With three Oscar nominations under her belt, notably for her stunning portrayal of Marilyn Monroe in “My Week With Marilyn” in 2011, “Take This Waltz” further underscores why Williams is deserving of accolades. Although not a face regularly seen on the cover of tabloids, Williams nonetheless is a Hollywood talent powerhouse, turning in solid performances since her critically acclaimed turn as a high school student said to be responsible for accidentally bringing down Richard Nixon in the Watergate satire, “Dick.”
Lou, the likable, if not beleaguered, husband is played by perpetual film nice guy Seth Rogan. Although the character of Lou truly is not a stretch for Rogan and represents a part moviegoers have seen Rogan fill several times, he does turn in a solid performance. Because of Rogan’s solid performance, the audience roots for his character as he muddles through a life with and without Margot at his side.
Acerbic comedienne Sarah Silverman shines as Lou’s alcoholic sister, Geraldine. Her pointed delivery style, likely sharpened through years as a stand-up comic, renders her a perfect fit for the character of Geraldine.
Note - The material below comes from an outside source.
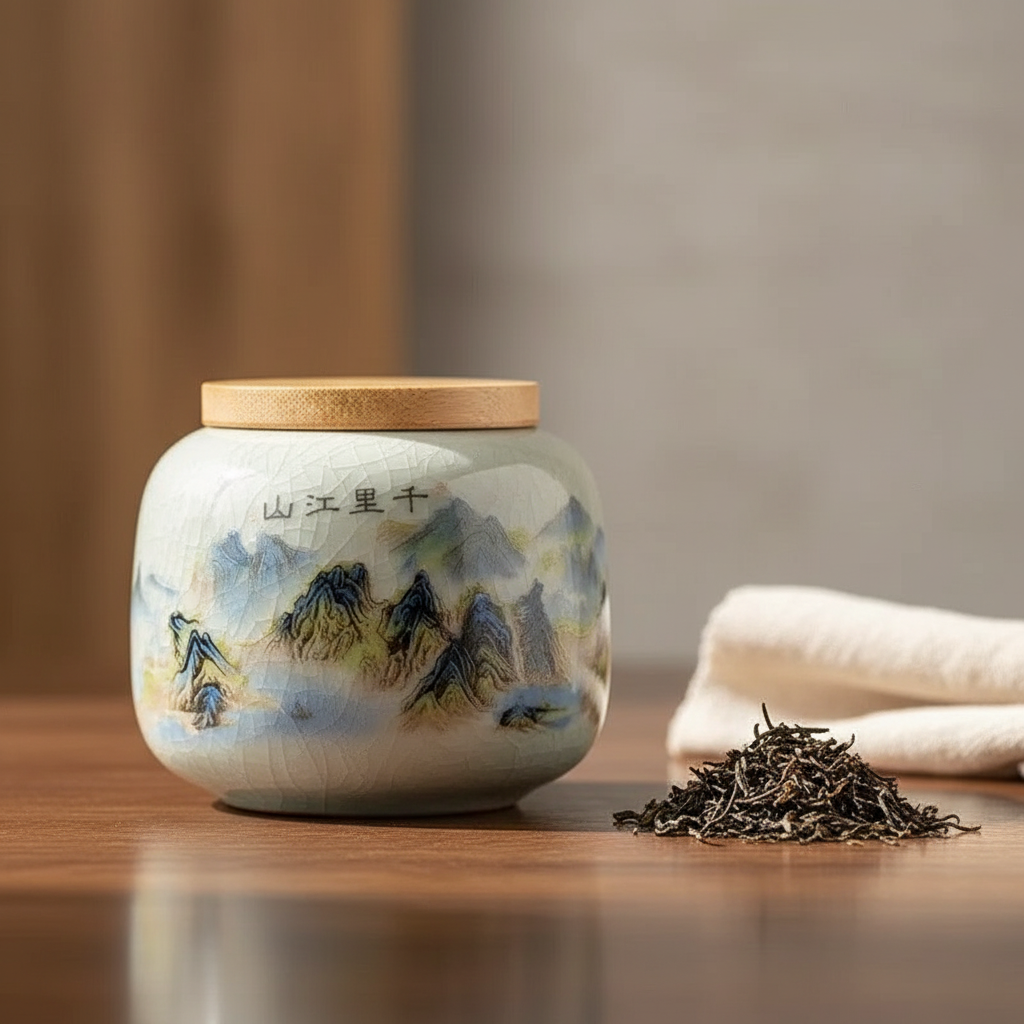 Chinesisches Keramik-Teedose in elegant setting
Tough and no nonsense – despite, or perhaps because of – her own battles with booze, Geraldine provides a sort of moral compass for the drifting Margot and a meaningful sounding board for her brother, Lou.
“Take This Waltz” represents Sarah Polley’s second turn as a feature film director. She also wrote the well-crafted screenplay for the film. Her first screenplay, “Away From Her,” won her an Oscar nod. She brings years of experience as a motion picture and television actor to her efforts as a director, which are represented in the easy way her cast maneuvers through the scenes in this film.
Polley’s screenplay is a well-crafted piece. The dialog is entrancing, taking the audience along with Margot as she sorts through the complications of her relationships while trying to find a more grounded existence. Polley manages the task of combing pathos and comedy with seeming ease and in a manner with which the audience can connect and relate.
Although “Take This Waltz” was not a box office sensation for its producers, it has been a cinematic art house favorite in more recent years. What it may lack in money generation, “Take This Waltz” makes up for in the on-screen efforts of its talented cast and crew. Moviegoers lock into the characters early on in the film, which takes them through the maze the characters travel in coming to understand themselves, each other and the ways in which they connect best.